## Prompt
Without any of its pictures, the listing below should be output exactly.

## Data shown
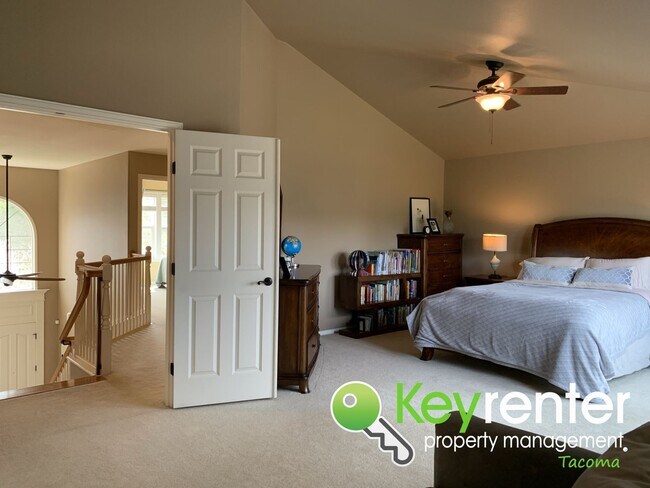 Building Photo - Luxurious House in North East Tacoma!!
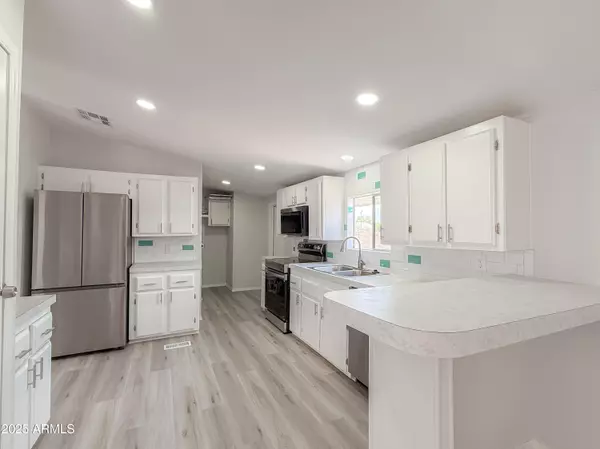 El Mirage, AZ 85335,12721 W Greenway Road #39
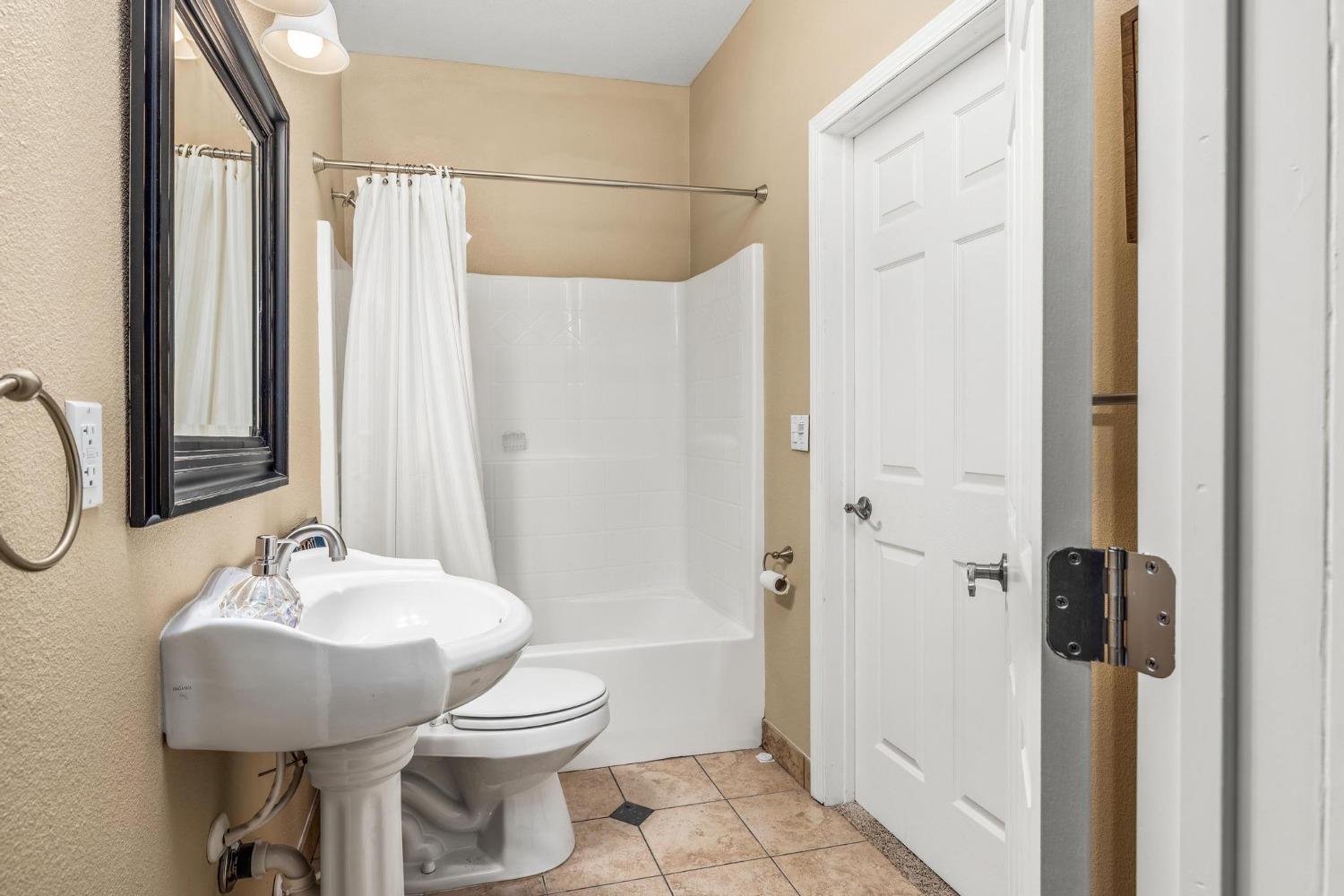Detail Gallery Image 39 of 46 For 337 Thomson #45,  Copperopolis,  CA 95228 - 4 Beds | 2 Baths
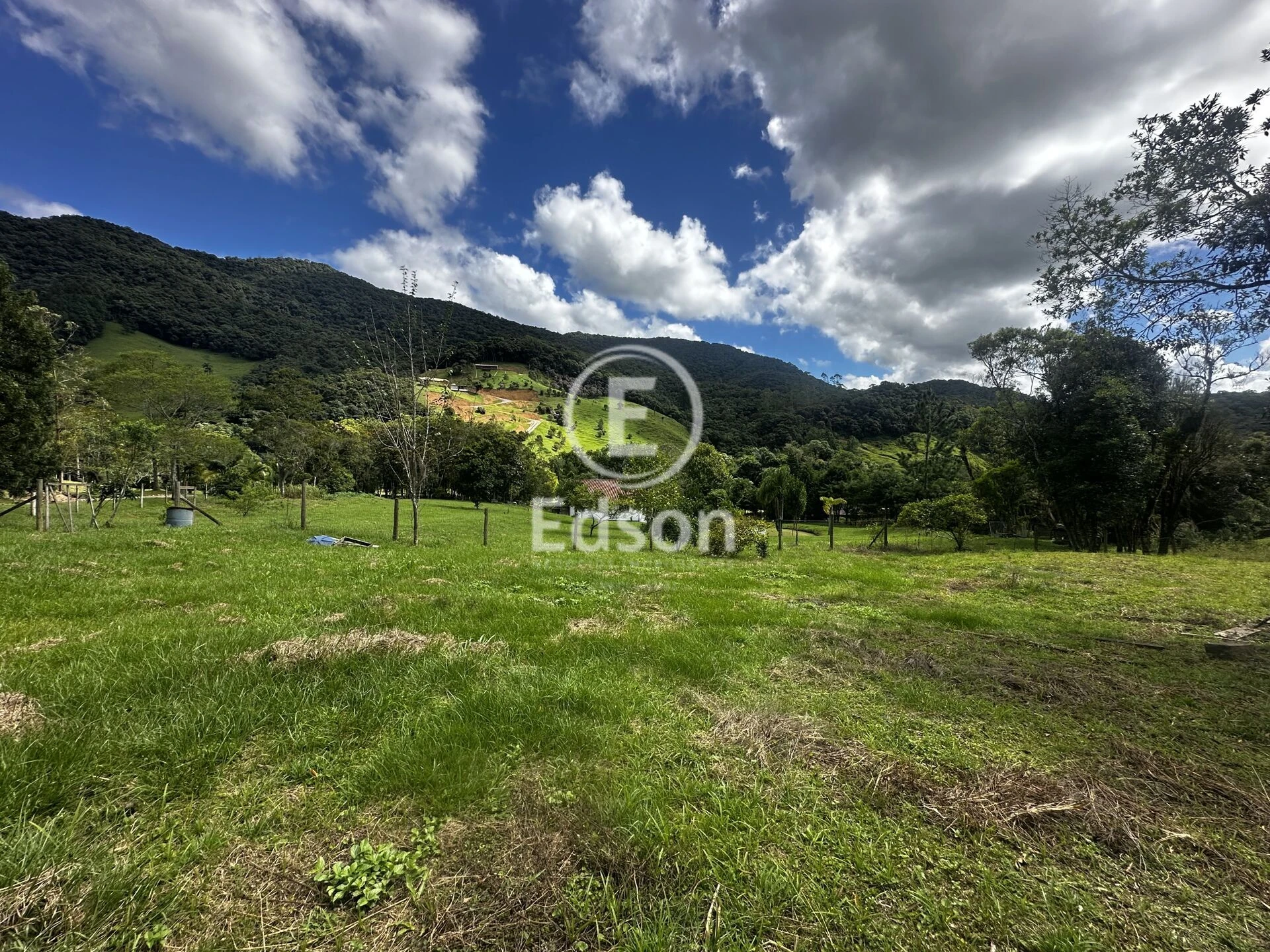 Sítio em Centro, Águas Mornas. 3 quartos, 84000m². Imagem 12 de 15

## Result of the exercise
 Building Photo - Luxurious House in North East Tacoma!!
 El Mirage, AZ 85335,12721 W Greenway Road #39
Detail Gallery Image 39 of 46 For 337 Thomson #45,  Copperopolis,  CA 95228 - 4 Beds | 2 Baths
 Sítio em Centro, Águas Mornas. 3 quartos, 84000m². Imagem 12 de 15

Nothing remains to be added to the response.